Equally unsurprising is that Richard Treadgold, prime mover of the whole fiasco, felt moved to respond in a number of typically prolix posts at his blog. His first, What Mullan actually says, purports to lay out the disputed points:

…I think these are the debating points he’s trying to make, lined up with the passages in which he makes them.

One small problem. This is not a debate. The facts are what the facts are, just as the temperature data is what it is. No amount of handwaving — or appeals to judicial authority — can change the facts of this matter. What can change is the interpretation placed on those facts, and that’s where Treadgold et al went wrong on day one.

In 2010 they decided — and explicitly told the world — that NZ’s climate scientists had been cooking the books. Everything they’ve done since has been a part of building a false narrative, a silly superstructure of misinterpretation and misdirection clumsily bolted together, designed to fool anyone sympathetic to their position. The new paper, by de Freitas, Dedekind & Brill 2014 (dFDB 2014) is just the latest effort to prop up that tottering edifice.

I have no intention of wasting time by playing along with Treadgold et al’s narrative.
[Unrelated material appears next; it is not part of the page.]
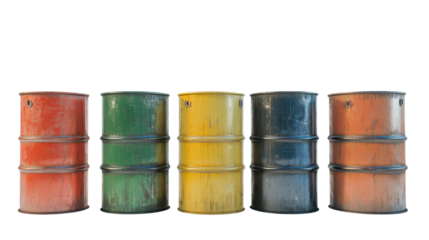 Collection of Colorful Rusty Metal Barrels in Various Shades Stacked Together on Transparent Background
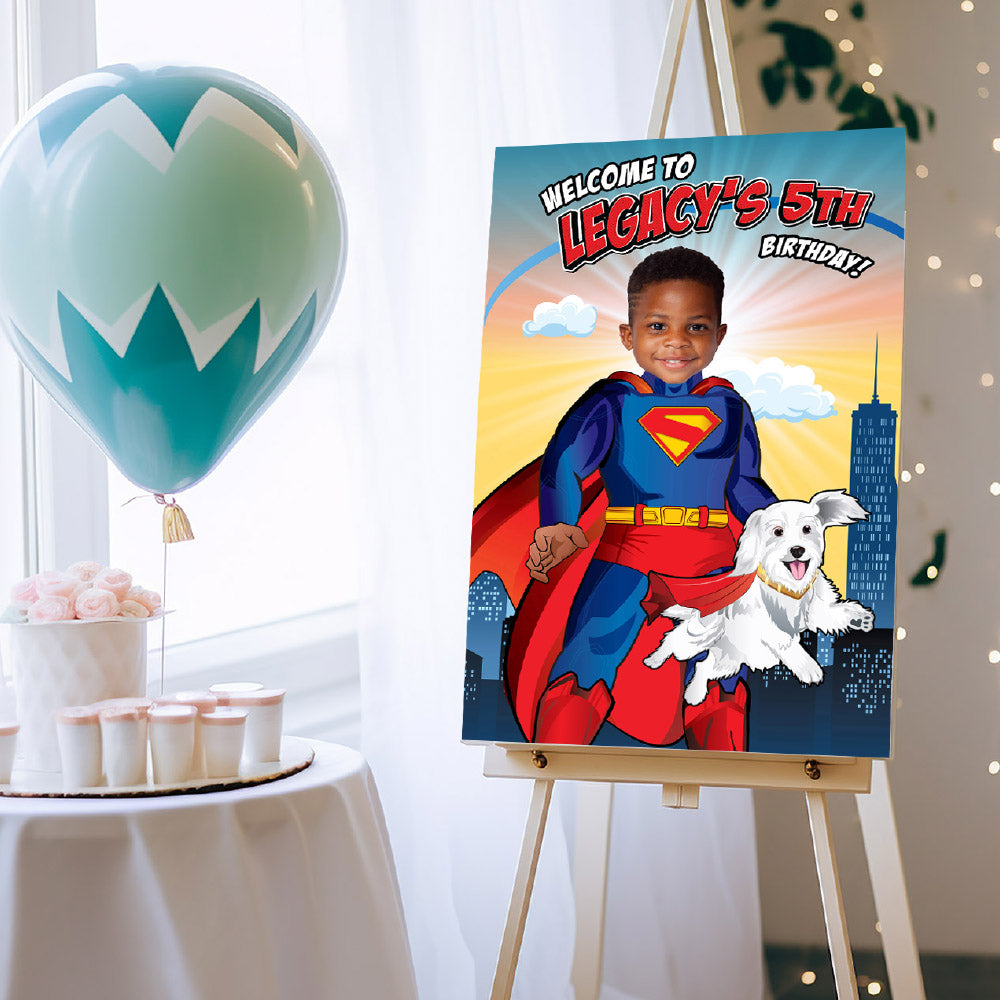 Superman and Krypto Welcome sign with photo, Superman and Krypto Birthday Sign, Superman Krypto Party Entrance. 2352WS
There are so many misdirections and misunderstandings on display in his sequence of posts that it would take a magnum opus to deal with them all. If I thought that by doing that I might change their minds — win them over to the world of climate rationality — then I would be happy to do it, but Treadgold et al are not what I would describe as rational actors. They admit no facts that are inconvenient to their world view, and show no sign of educability on climate science.

I will confine my response to a few simple points. In his “debating points” post, Treadgold’s point 8 is:

The de Freitas et al. (2014) paper should have discussed the relevant literature, including Mullan (2012).

The response (one presumes from Dedekind) is:

Mullan (2012) is not relevant literature.

I fell off my chair with laughter on reading that bald statement. A paper that explicitly deals with the statistical techniques described in the paper dFDB 2014 claims to base its reconstruction on, as applied to the temperature data dFDB 2014 uses, is somehow “not relevant”!

Let’s be blunt. Any peer-reviewed paper discussing the NZ temperature record should refer to all the recent published literature on NZ temperatures. We’re not talking about a field so crowded with publications that some selection might be necessary. Even more importantly, because Mullan (2012) explicitly points out the correct application of the techniques that dFDB claim to apply, they really had no option but to deal with that in their paper — at least, if they wanted to be taken seriously.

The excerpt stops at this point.